Alignment Domain analysis and phylogenetic tree of Argonaute family of proteins. (A) Amino acid alignment of Argonaute-1 protein of Bombyx mori, Tribolium castaneum, Drosophila melanogaster and Sf21. Indicated sequences were aligned using CLUSTALX. The conserved amino acid residues Asp, Asp and His (DDH) triad residues are marked with red. (B) Domain architecture of Argonaute proteins. The similarity in the domain architectures of Bm-Ago-1 and Sf21-Ago-1 suggests that they are orthologous and the organisation of PAZ/Piwi domain is highly conserved within the insects. (C) The phylogenetic tree was based on consideration of two different class of Argonaute proteins, miRNA class (Argonaute-1) and siRNA class (Argonaute-2). Sf21 genome contains Ago-1 while Tribolium, Bombyx and Drosophila have both Ago-1 and Ago-2.

Figure 6

Domain structure and phylogeny of piRNA class components. (A) and (B) domain search finds both Sf21 Argonaute-3 and Aubergine like protein have conserved lineage of PAZ and Piwi domains. (C) A phylogenetic tree was created using the full-length sequences of piRNA class proteins. Siwi represents silkmoth Piwi.

Figure 7

Domain analysis and phylogenetic tree of DEAD RNA helicase domain proteins. (A) Conserved Domains Database search shows both Dbp45A and Vasa RNA helicases has DEAD domain and a C-terminal Helicase domain while DDX18/Has1 subfamily of helicase has an unknown domain which is present in all concerned helicase proteins of this family indicating clear orthology. (B) The neighbour-joining tree is based on the alignment of the conserved DEAD domain containing RNA helicases. The DEAD helicases forms three distinct clusters categorized into three subfamilies Dbp45A, Vasa and DDX18/Has1. Sf-DDX18 like proteins is closest with Bombyx mori but similar with Pitchoune of Drosophila and Tribolium too. Vasa subgroup family of proteins being important for a piRNA pathway suggests Sf-Vasa might participate in Piwi associated RNA silencing.

Figure 8

Sil protein phylogenetic analysis. The neighbour-joining tree is based on the alignment of sil gene family of proteins in different organisms. Sf-Sil-2 sub-clusters with the silkmoth Bm-Sil-2, while Tc-SirA and Tc-SirB compose a distinct cluster.
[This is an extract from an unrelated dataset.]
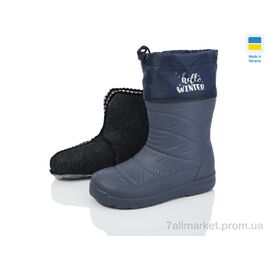 Чоботи з піни жіночі Зима AB24 т.синій (6 пар р.38-42) "M&L  Alex13" недорого оптом від прямого постачальника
Orthology of these insect is clear from this phylogenetic analysis that Lepidoptera Sid like proteins are evolutionary conserved. Ce-Sid1-3 and Hs-SidT1 and SidT2 diverge out separately and Tc-SirC joins Hs cluster.

Figure 9

Interactome Map of Sf21 RNAi factors. Protein-protein interaction data for 42 functionally validated RNAi factors identified in the siRNA mediated high through-put screening were constructed by homology based search in Tribolium. The protein interaction data shows 345 nodes with 1257 edges. The nodes in blue highlighted cluster identifies core RNAi components. The red nodes indicate Sf21 RNAi factor homologous to corresponding Tribolium protein. The pink node identifies the interactors of putative candidates postulated from Tribolium network.